Date published: 7 August 2012
University students studying online, rather than on campus, don't experience "a genuine intellectual community", according to a recent article in the New York Times by Mark Edmundson, a professor of English at the University of Virginia.
Professor Edmundson's claim is an easy one to make. And for those who have experienced a traditional university education, these are claims with which it is easy to identify. For many of those who warm to the assumption that online university education is inferior to on-campus learning, the experience of an "intellectual community" came through being physically in the same (usually small) class, with other middle-class people of the same age who looked and sounded just like them. It can be hard to imagine recreating this experience through technology.

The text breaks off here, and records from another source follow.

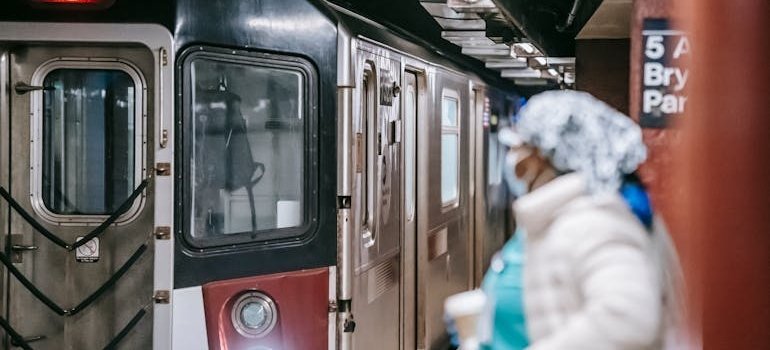 A train in NYC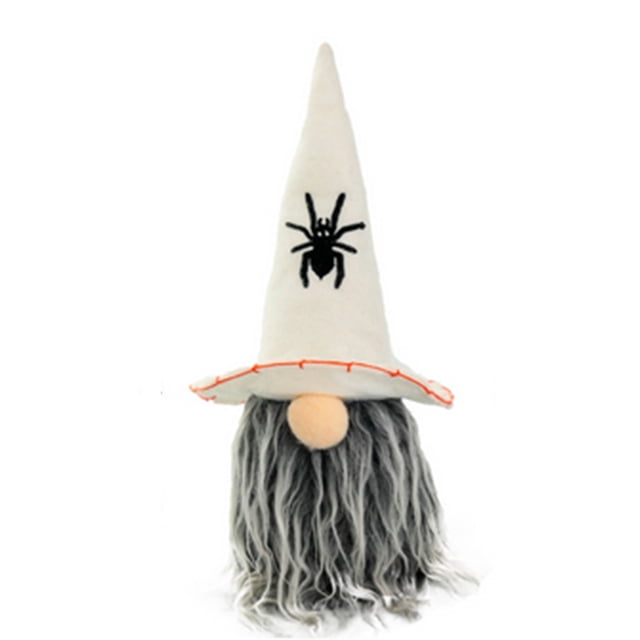Matsuzay Muñeca sin rostro de Halloween atmósferas de fiesta de miedo decoración festiva ornamento sala de estar interior sofá cama Kits de decoración para fiestas Blanco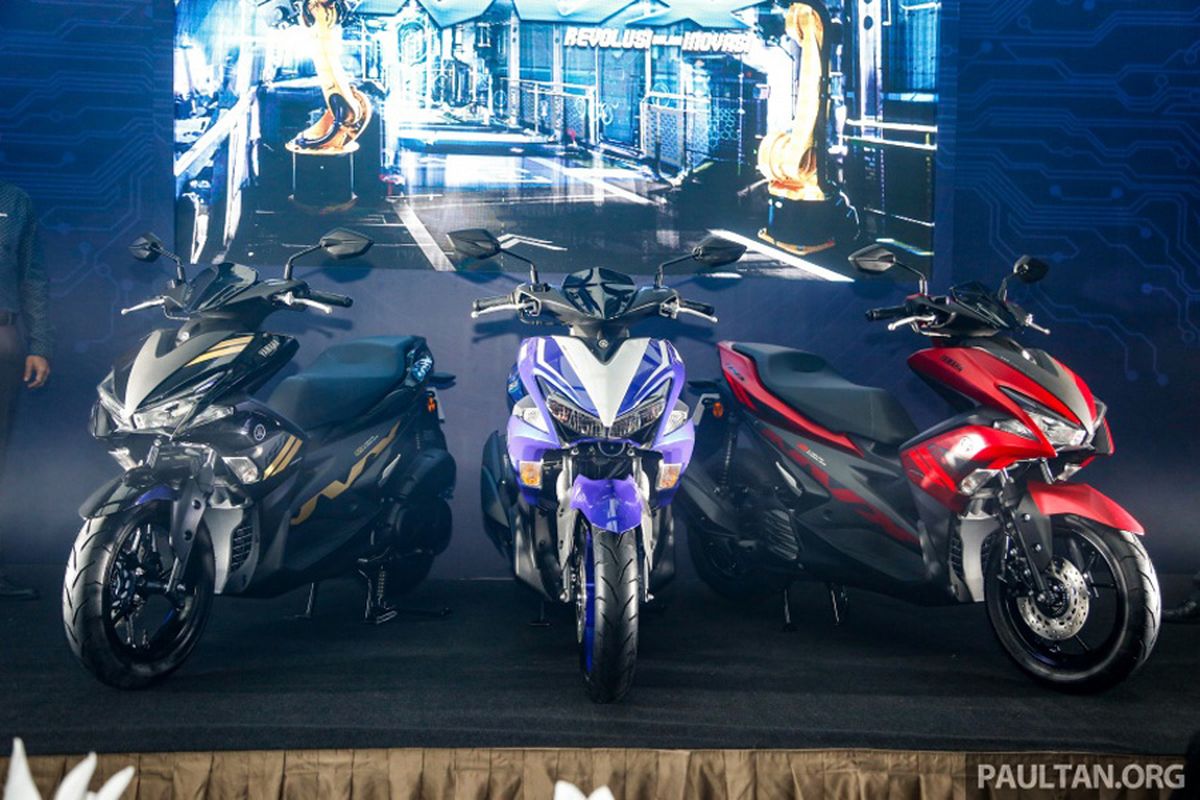 Yamaha NVX atau dikenal sebagai Aerox 155 di Indonesia, meluncur di Malaysia dengan banderol jauh lebih mahal.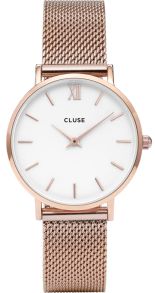 Cluse Minuit Rose White Mesh CW0101203001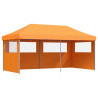 Tienda de fiesta plegable Pop-Up 3 paredes laterales naranja 2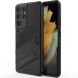 Захисний чохол Deexe Bibercas для Samsung Galaxy S21 Ultra (G998) - Black (300936B). Фото 1 з 5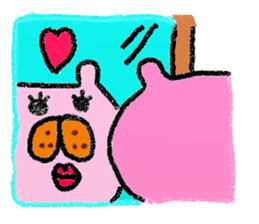 Cat of few words. sticker #4052687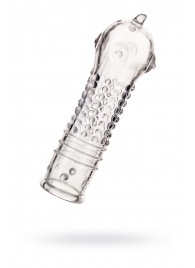 Прозрачная закрытая насадка на пенис TOYFA A-Toys - 14,7 см. - A-toys - в Ельце купить с доставкой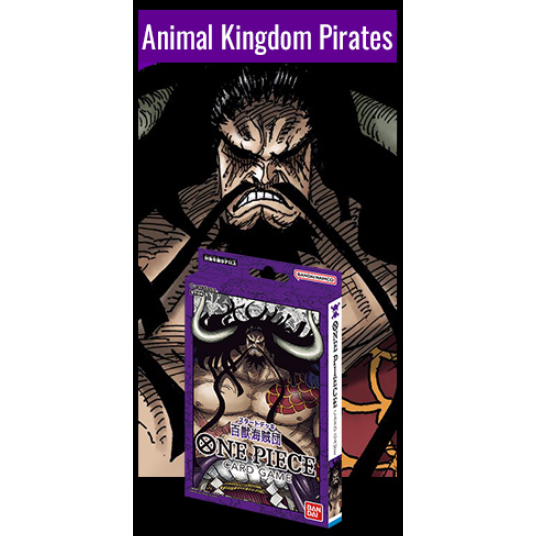 One Piece ST 04 Animal Kingdom Pirates Starter Deck Japan Version 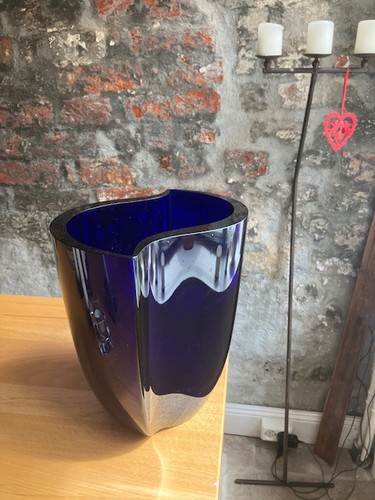 Holmegaard vase blau und - blau,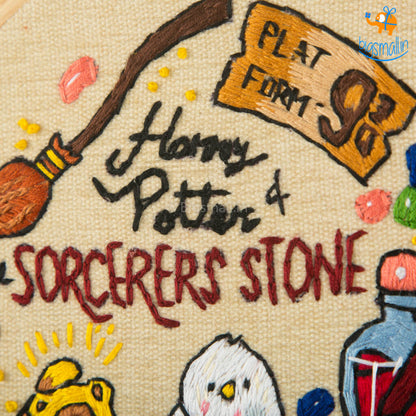 Harry Potter Embroidery Hoop Art
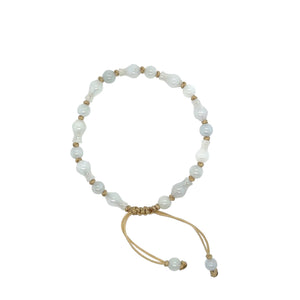 Burmese Jadeite Treasure Vase Silk Bracelet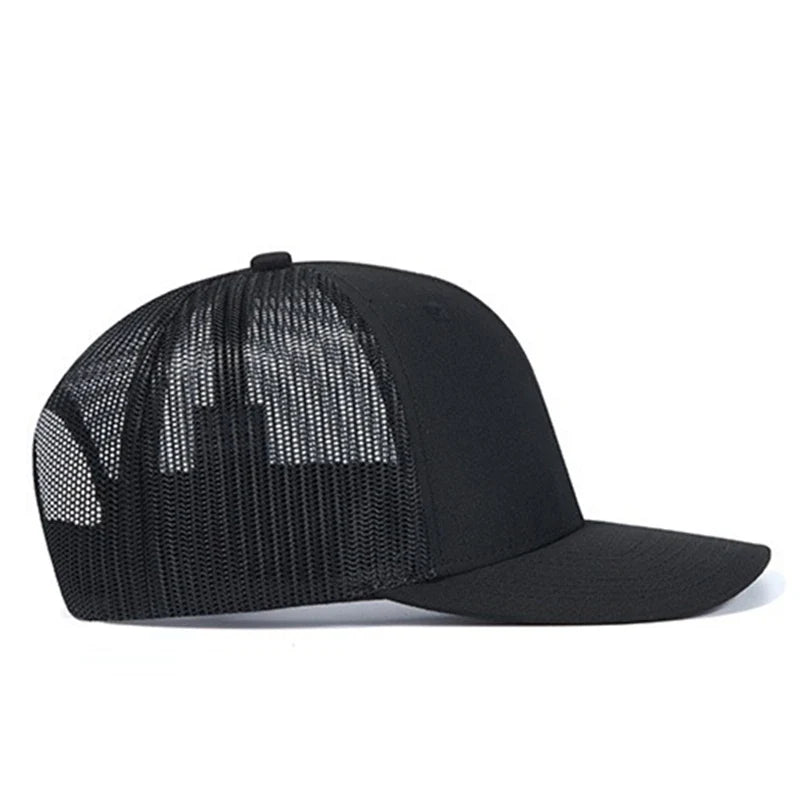 Hot Sale Unisex Cap Slight Curved Brim Style Trucker Hat  Men & Women Casual Outdoor Breathable Summer Cap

Yet, in the higher education sector now, hundreds of thousands of students across the world choose to study university courses completely online. They make this choice for a number of reasons, which include convenience, cost-effectiveness, flexibility and the ability to manage their study as part of a full and complex life.
Online university students have the same range of experiences that on-campus students have. They come to know some teachers as knowledgeable, passionate, empathic communicators and other teachers as disengaged and dreadful. Some units of study are engaging and inspiring, others are mind-numbingly boring. Some are taught using innovative learner-centred methods, others are based on the assumption that if the teacher says it, or it's in the textbook, it has been learnt.
In some units, there is valuable and edifying discussion between students, skilfully moderated by tutors; in others, interaction is perfunctory or non-existent. Some online classes have a sense of intellectual community and some do not - just as on campus.
Online university students are taught and learn the same curriculum, undertake identical assessment tasks, and are awarded exactly the same degree as students who choose to attend university on physical campuses.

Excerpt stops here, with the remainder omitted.